Two profitable weeks, as it turns out.

Fitzpatrick shot a four-under 68 on Sunday amid brutal conditions to vault up the Memorial leader board, all but assuring himself a top-five finish as the leaders were just beginning their back nines. This comes one week after Fitzpatrick and Mackay teamed for a T-27 finish at the Workday Charity Open.

In typical caddie fashion, Bones was quick to redirect any credit to his player.

“He’s a very, very good player, and it was a joy to be with him,” Mackay said. “He was great out there. I mean, 68 today, what more could you ask for from the guy?
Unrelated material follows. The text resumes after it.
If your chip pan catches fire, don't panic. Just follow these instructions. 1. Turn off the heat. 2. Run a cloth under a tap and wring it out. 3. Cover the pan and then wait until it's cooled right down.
“He’s got a ton of shots,” Mackay continued, “and to me the most underrated skill a professional golfer can have—which he has in spades—is the ability to read greens. He’s an amazing green reader, and I think that’s going to take him a long way in this game. He’s longer than I thought he was going to be. He’s good. He’s really good.”

Fitzpatrick said having Mackay on the bag was rather helpful given the conditions, which were among the toughest you’ll see on a golf course. The wind blew a consistent 25 miles per hour all day, with gusts north of 30, which only exacerbated the already brutal setup that included juicy rough and concrete-like greens.
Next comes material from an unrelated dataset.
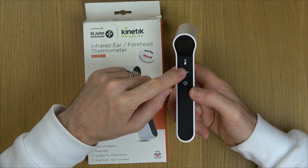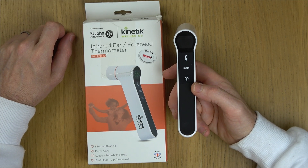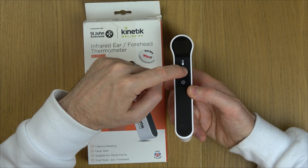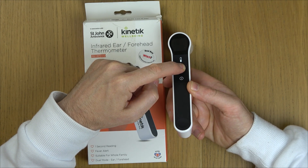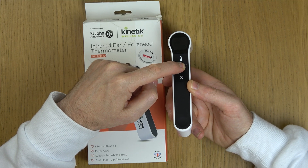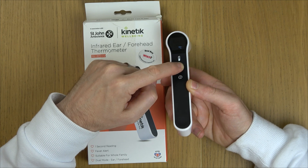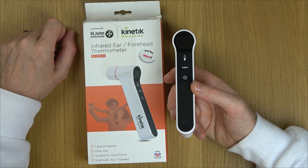We need to hold down the memory button for about six seconds and then it will allow you to change between them. So I'm going to hold it down now — keep holding it, still holding it — and eventually it will flash up with Celsius there.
“I mean, he’s seen conditions like this plenty of times, and to have him on the bag was brilliant,” Fitzpatrick said. “I definitely learned a couple things off him, and I’ll be picking his brain to see what I can improve on.”

Despite their success, the partnership will not be extended. Foster, who spent years on the bag as Seve Ballesteros and Lee Westwood, will return to Fitzpatrick’s bag for the WGC-FedEx St. Jude Invitational later this month.

But Mackay stopped well short of closing the caddie door.

“I work 22 weeks a year,” Mackay said. “That means there’s 30 other weeks I can go caddie if I want to. You know, if someone says that their caddie has got a twisted ankle, that’s something—I love caddieing. I consider myself a caddie, even when I’m doing TV.”